デザインの語源はラテン語のDesignare、意味は「計画を記号に記す」と言われています。日本では一般的に意匠という解釈でしたが、最近ではそれらが作られる背景までを指し、社会をもっと素敵なものにしていくための活動と考えられています。この講義ではこういった観点から、具体的な事例を参考に社会で活動するために必要なものの見方・考え方を学びます。
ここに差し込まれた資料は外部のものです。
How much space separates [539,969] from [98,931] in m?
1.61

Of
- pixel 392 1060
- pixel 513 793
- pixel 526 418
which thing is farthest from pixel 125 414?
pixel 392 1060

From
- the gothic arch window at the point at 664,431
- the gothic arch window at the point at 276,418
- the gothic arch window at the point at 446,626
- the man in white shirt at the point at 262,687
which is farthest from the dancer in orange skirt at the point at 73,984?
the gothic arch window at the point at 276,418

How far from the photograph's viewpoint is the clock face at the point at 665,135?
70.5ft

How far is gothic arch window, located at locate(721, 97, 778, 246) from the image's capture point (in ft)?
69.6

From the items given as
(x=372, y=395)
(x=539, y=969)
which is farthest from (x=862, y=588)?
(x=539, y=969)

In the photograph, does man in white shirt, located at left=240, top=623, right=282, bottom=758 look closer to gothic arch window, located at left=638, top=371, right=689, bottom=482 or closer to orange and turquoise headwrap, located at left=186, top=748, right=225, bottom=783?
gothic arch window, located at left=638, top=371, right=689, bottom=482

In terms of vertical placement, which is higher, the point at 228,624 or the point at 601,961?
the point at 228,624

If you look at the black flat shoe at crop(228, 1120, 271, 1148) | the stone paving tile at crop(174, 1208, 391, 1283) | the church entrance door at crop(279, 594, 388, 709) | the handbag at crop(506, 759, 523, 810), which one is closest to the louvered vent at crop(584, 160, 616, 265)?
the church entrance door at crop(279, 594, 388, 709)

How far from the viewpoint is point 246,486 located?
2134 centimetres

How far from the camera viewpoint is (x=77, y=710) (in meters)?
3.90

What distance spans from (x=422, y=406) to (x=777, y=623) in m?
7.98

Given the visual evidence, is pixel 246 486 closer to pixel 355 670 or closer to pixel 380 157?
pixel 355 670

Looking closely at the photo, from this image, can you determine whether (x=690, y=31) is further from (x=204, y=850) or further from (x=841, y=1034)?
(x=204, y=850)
同時に、感性力・企画力・プレゼンテーション力・実現力の獲得を目指します。

芸術文化学概説
担当教員:髙島直之

江戸時代の18世紀後半から1868年の「明治維新」を経た19世紀後半、そして20世紀初頭の1910年代までの「日本美術の近代」を論じる、2年生必修の講義科目。共通科目にある「日本美術史」と重なるところはもちろんありますが、この科目はより広く文化社会学的な見地から、社会制度や生活習慣をふまえ、その時代の「視覚」のあり方を社会史全般と照らし合わせます。いわば「美的感情の近代史」としてとらえる視点を提示・解説する授業です。